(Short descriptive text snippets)
- Opening Delimiter -

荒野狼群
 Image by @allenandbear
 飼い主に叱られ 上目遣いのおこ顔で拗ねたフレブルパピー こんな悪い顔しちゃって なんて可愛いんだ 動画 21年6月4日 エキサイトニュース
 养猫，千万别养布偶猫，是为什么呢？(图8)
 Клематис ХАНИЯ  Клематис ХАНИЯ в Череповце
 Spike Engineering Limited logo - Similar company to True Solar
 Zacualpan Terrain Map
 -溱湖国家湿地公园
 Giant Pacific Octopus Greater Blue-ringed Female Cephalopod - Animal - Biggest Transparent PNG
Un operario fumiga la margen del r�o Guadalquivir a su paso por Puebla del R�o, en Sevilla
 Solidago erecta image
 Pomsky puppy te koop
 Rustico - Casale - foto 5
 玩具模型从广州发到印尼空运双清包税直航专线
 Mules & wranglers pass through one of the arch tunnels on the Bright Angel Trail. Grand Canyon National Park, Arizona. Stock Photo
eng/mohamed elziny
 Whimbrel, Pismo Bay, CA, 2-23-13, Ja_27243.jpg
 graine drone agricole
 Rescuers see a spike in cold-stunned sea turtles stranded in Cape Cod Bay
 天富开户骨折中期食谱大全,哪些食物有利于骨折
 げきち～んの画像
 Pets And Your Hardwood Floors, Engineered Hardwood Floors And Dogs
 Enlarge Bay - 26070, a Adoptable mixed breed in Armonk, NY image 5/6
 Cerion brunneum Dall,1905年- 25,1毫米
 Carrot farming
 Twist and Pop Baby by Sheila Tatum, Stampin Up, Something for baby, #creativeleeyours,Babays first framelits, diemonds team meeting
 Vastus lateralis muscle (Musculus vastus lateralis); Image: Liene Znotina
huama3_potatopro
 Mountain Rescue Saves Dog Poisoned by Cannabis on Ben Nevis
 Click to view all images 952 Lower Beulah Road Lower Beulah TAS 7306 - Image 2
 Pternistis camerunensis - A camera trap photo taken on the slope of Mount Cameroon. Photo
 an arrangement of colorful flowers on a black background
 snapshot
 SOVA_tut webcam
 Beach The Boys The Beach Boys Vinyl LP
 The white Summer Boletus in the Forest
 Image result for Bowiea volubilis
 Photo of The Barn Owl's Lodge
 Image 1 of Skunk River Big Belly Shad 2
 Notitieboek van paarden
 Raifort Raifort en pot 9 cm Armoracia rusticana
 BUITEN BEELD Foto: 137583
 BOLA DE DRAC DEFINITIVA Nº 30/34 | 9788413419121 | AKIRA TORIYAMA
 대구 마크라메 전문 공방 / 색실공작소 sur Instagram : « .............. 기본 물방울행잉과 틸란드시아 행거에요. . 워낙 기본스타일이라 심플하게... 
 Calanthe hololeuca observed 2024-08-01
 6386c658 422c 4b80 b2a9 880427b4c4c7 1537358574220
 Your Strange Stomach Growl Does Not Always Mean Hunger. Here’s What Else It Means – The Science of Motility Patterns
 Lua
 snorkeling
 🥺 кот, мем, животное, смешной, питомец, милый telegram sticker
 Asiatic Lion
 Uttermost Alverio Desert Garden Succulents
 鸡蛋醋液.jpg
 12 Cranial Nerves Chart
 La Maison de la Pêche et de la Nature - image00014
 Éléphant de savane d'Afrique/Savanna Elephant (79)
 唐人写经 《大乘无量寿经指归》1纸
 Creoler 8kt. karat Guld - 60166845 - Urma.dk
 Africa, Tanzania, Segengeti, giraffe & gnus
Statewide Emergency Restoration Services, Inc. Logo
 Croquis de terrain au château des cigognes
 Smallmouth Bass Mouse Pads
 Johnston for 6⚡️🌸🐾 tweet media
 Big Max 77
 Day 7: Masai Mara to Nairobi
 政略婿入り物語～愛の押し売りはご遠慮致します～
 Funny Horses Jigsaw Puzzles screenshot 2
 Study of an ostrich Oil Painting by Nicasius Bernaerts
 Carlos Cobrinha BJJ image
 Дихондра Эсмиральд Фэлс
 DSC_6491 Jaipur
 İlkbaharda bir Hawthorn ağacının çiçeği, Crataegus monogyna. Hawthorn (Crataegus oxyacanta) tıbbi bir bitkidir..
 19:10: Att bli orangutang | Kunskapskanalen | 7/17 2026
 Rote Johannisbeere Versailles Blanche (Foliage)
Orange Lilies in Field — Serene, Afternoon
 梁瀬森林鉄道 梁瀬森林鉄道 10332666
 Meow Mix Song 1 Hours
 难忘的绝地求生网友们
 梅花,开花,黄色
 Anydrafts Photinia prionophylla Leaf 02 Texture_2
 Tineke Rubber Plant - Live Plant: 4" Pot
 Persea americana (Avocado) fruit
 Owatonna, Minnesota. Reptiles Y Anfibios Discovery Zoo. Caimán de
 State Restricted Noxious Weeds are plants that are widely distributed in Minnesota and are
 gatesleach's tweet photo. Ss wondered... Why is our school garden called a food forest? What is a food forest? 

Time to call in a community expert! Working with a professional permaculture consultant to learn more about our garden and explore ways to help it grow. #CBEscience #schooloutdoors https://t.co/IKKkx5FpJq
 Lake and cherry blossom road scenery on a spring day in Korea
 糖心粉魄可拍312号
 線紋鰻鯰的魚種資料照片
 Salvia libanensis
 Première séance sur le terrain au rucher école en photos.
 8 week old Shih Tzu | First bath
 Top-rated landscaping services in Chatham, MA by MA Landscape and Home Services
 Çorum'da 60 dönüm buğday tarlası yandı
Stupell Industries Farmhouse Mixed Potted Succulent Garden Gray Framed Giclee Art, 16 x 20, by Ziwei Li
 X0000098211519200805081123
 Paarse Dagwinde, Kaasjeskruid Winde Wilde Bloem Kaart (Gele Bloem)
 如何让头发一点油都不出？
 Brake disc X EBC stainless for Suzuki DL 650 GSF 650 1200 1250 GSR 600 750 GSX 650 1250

- Closing Delimiter -

Problem
Your answer should hold every line of the entries that contains the string "What".

Solution
 Your Strange Stomach Growl Does Not Always Mean Hunger. Here’s What Else It Means – The Science of Motility Patterns
 gatesleach's tweet photo. Ss wondered... Why is our school garden called a food forest? What is a food forest? 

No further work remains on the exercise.